Common men, however, weren’t so indispensable. Unlike the great kings of the Earth, they were doomed to rot in their graves until their last bone chips crumbled to dust. Like all 7th Eclipse Summit Races, the Elgorians of the past had limited resources, and couldn’t afford to waste the cosmic lifeblood of salvation on common peasants from a backwater world called Earth.
But really, can you blame them?
After all, if you were a member of an inter-dimensional demigod race from Hyperion, who would you share your doctrine with?

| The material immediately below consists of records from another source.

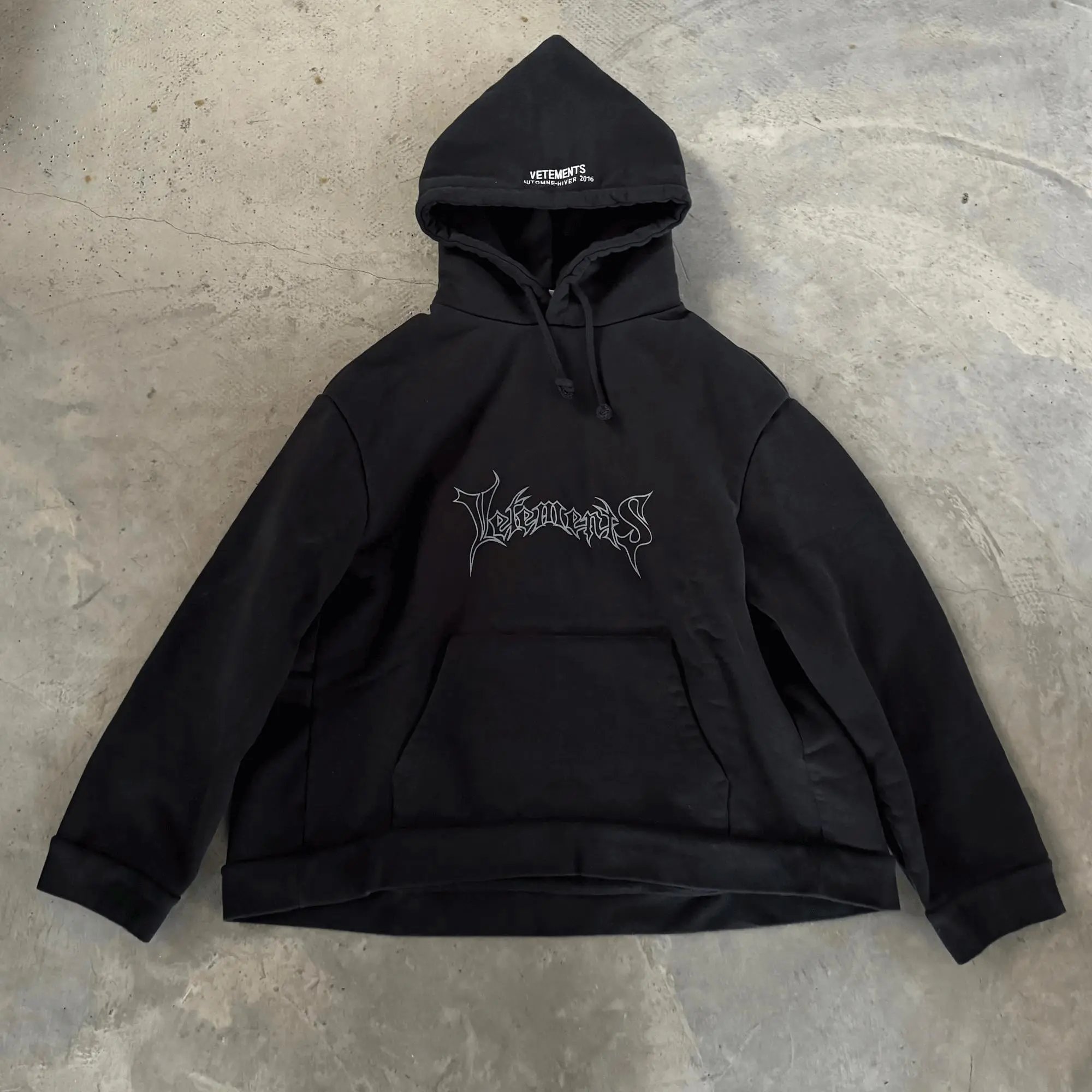 Vetements Og Metal Hoodie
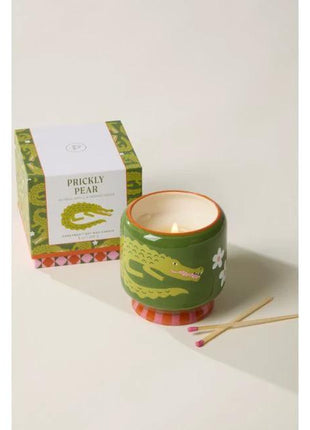 Kaars in een pot - A Dopo - Crocodile - Prickly Pear by Paddywax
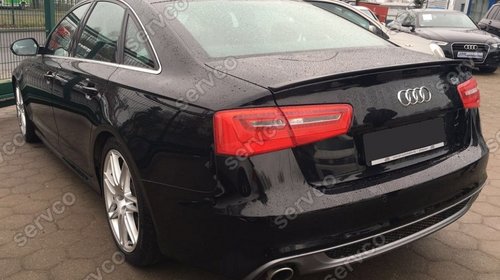 Difuzor S Line Audi A6 4G C7 S line S6 RS6 ve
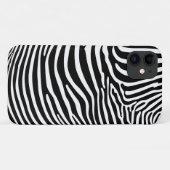 Zebra Dierprint Case-Mate iPhone Case (Achterkant (horizontaal))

Who would you promise to raise from the burial mound when you finally returned to break the chains of the Earth? Common men, or kings?
The Elgorians of the present, however, have a much different philosophy about salvation. And thanks to the Nibiru Society, they’ve injected it into the minds of every man, woman, and child on planet Earth.
. . .
They emerged from the gateway on January 1st, Post-Colonization Year 213. It was twelve years to-the-day after the initial test run of the Silurian Photon Drive, and the celebrations instantly roared to life across every metropolis of the Earth. Humanity had scarcely imagined a brighter future, even in their most grandiose space operas and visions of cosmic victory. Against all odds, eleven of the nineteen travelers deployed on New Year’s Day, P.C. 201 had returned through the Charm Quark Gateway successfully. They bore news of freedom and prosperity across the stars, and they had encountered the Elgorians in their travels. The aliens who promised eternal freedom for mankind had vowed to share their wisdom with us, just as they had with the Pharaohs of Egypt over 3,000 years ago.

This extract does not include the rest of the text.